Saturday, 17 July 2010

The Alchemist




So if you have read my last blog you will know that I met a tasty Spaniard during my time in Amsterdam. (As an update we are still in contact and I have been offered a bed there whenever I want to come visit!) Anyway the night we met for a drink I mentioned that I had studied English at University. This interested the bar man and we soon started to discuss our favourite books. He told me of his favourite book ‘The Alchemist’. I’d heard of this particular book but never read it. Spaniard then informed me that this book had been so inspiring that he had tried to live his life every day in connection with the book’s teachings.
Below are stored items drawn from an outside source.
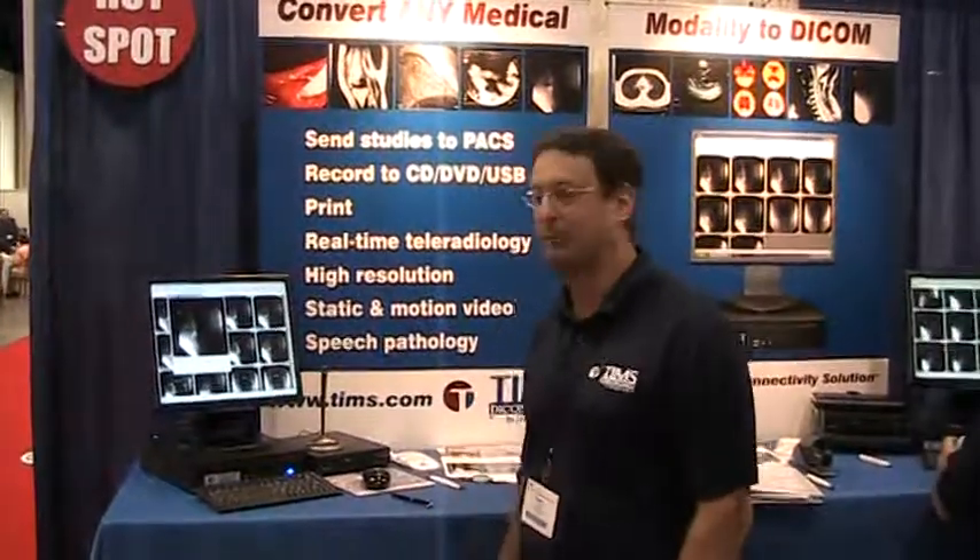Hi, I'm Tony Molinari from Foresight Imaging, and we're here at the AHRA show and wanted to show you a little bit about our product that we're showing here, the TIMSS DICOM system.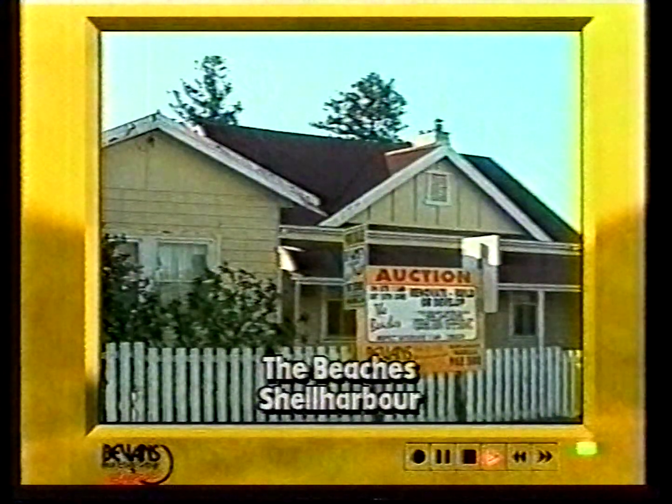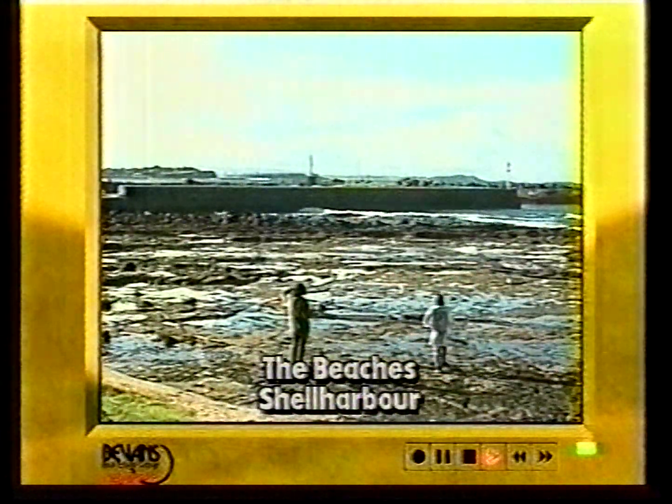At Bevan's Real Estate, we're on your side. Bevan's Rural offer for auction this rare opportunity in Shell Harbour.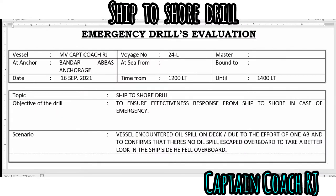Hi, this is Coach RJ. Let me share with you the onboard training regarding emergency drills. The topic of this drill focuses on the annual ship-to-shore drill in correlation with office personnel who is in charge to communicate through the master. The objective of the drill is to ensure effective response from ship to shore in case of emergency.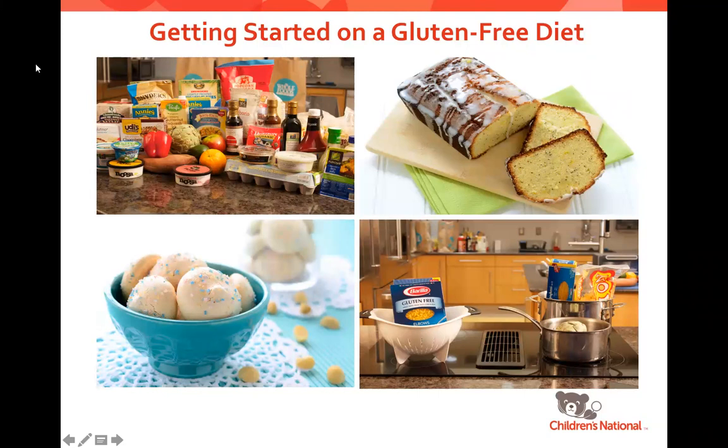Hello, everyone, and welcome to the Celiac Disease Program at Children's National Hospital. I'm Vanessa Weisberg, the Executive Director of our program, and I'm excited to meet with you all today to go through our Getting Started on a Gluten-Free Diet presentation. If at any time along the way you have questions, you can always send them through the chat function. If we don't get through everyone's questions today, they will all get emailed to us at the end, and you will get a personal email response back.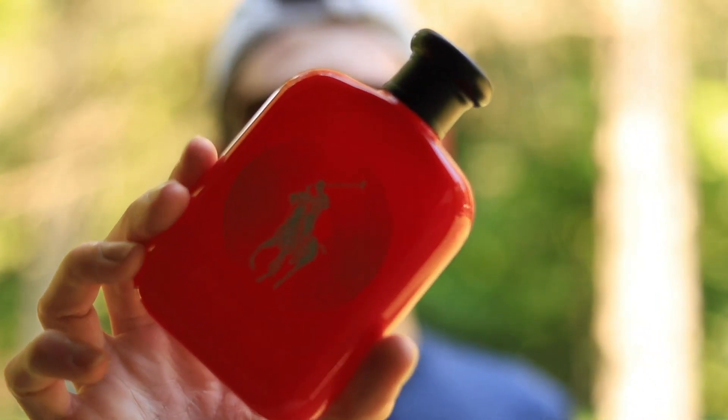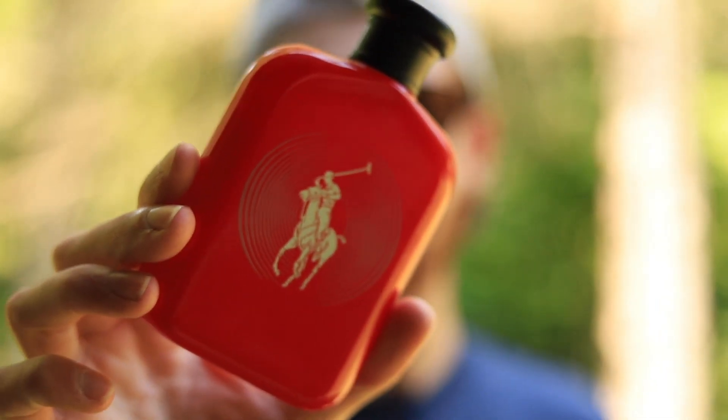Today we're checking out Polo Red Remix. This is one of the many flankers in the polo series of fragrances — they've got a lot of them at this point. This is the only one I own a bottle of, so comparing it to the rest of the flankers isn't something I'm doing today. After getting this fragrance I want to go ahead and get the rest of the line, and maybe at some point I'll do a video comparing all the polo flankers like I've done with Bleu de Chanel and Terre d'Hermès.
This interested me even more, a book that was so enlightening it could influenced the life of a young, outgoing, free spirited guy. If I am being honest I was jealous of Spaniard. He was so upfront about himself about the fact that he loved women, that he loved to travel, that he wanted love but until then loved sex so why not just take it when it comes. I wanted that freedom, that confidence so on returning to the UK I purchased ‘The Alchemist’ and finished it within a day.
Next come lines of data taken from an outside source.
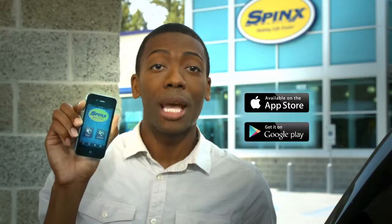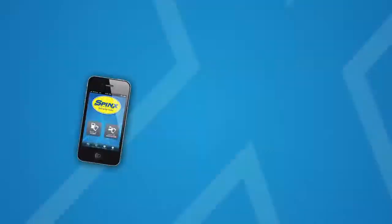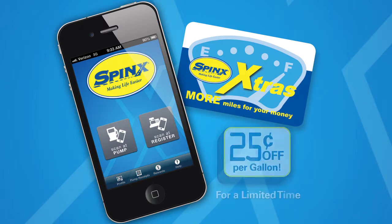Download the Sphinx Extras app from the App Store or Google Play today. And for a limited time, link your Extras card to your bank account and get an extra 25 cents off per gallon.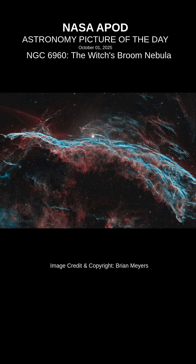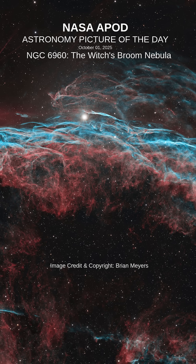10,000 years ago, before the dawn of recorded human history, a new light would suddenly have appeared in the night sky and faded after a few weeks. Today we know this light was from a supernova, or exploding star, and record the expanding debris cloud as the Veil Nebula, a supernova remnant.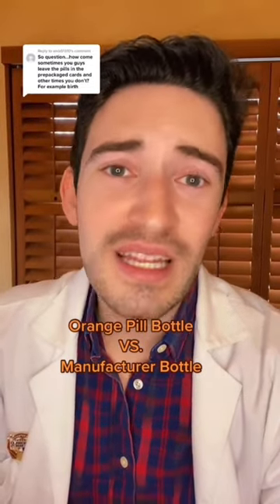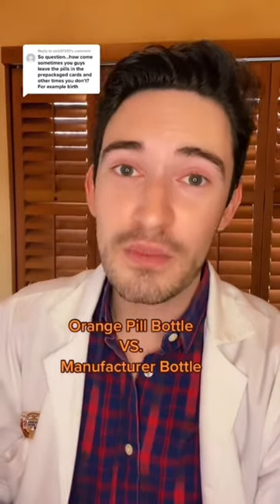Do you ever wonder why you may get your prescription in an orange pill bottle or the manufacturer bottle? The simple answer? It's just quicker. Depending on the quantity of the medication that you get, some manufacturers, they come in that quantity, so it's just easier to put a label on that.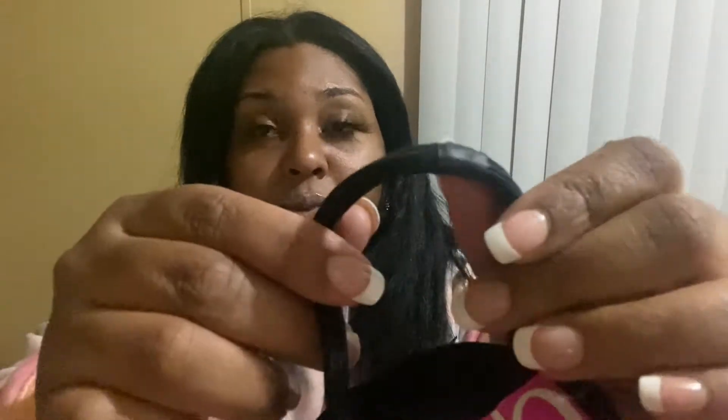First things first — a good ponytail holder. I love to use these. The Ouchless by Goodie — they don't have the metal clasp on them, so less shedding. These prevent shedding and also breakage. My hair does not get tangled and stuck around these when I pull them out, so these are the only ponytail holders I'm using. Also just some cheap shower caps — these are a necessity. I also picked up some rubber bands for my baby's hair.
What I took from the book was that everyone has a destiny. The universe has left you omens to follow to reach your destiny and it is whether you take notice of them that decides whether you will achieve it. I found this particularly interesting- what was my destiny? The Spaniard had told me of his previous dreams to travel, and that he had left the woman he loved in Sweden whilst he travelled in order to experience his destiny. ‘The Alchemist’ also claims that true love will wait whilst you achieve your destiny. I wondered how I could use the guiding of the book in my life. I have always had a list of things I want to do before I die. A few of them being:
1. Go cage diving with sharks in South Africa and visit my ex in Jo Bay
2. Visit the pyramids in Egypt
3. Become fluent in Italian
4. Go watch the surfing competitions in Hawaii.
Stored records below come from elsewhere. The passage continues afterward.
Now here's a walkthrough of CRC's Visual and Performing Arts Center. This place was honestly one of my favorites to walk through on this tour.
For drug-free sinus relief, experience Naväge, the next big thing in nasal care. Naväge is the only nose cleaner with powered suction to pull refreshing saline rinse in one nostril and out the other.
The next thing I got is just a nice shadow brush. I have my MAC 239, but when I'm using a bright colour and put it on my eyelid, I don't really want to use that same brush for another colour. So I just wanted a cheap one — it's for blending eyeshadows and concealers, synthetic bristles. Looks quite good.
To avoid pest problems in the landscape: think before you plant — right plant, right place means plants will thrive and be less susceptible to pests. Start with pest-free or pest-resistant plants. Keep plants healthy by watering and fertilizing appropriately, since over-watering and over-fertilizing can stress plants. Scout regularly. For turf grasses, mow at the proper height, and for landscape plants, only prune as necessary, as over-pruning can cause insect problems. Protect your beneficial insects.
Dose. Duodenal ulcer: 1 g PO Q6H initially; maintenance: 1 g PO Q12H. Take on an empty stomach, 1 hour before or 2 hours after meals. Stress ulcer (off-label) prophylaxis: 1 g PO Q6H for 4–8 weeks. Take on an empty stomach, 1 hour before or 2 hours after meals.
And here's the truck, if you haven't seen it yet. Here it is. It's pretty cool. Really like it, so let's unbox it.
5. Visit all the art galleries in Barcelona
I wondered whether this was a sign that I should start trying to tick one of these off my list? I pushed the thoughts to the back of my mind and carried on with my day to day life until today. My friend put on ‘Men who stare at goats’ and in that too was the message about everyone having a destiny and should follow the omens they are given by the universe. This was definitely a sign. So I have no idea exactly what my destiny is (to me I think it will be to be a fantastic journalist with a great handbag collection and my own Friday night talk show) but I’ve decided what my next stop in life will be if I am unable to get a job by the end of August. I will go back to my monotonous retail job and save every penny I earn. Then in March I will buy a round the world ticket and travel to South Africa, New Zealand, Australia and Fiji for several months. It might not be my destiny but it is most definitely a start.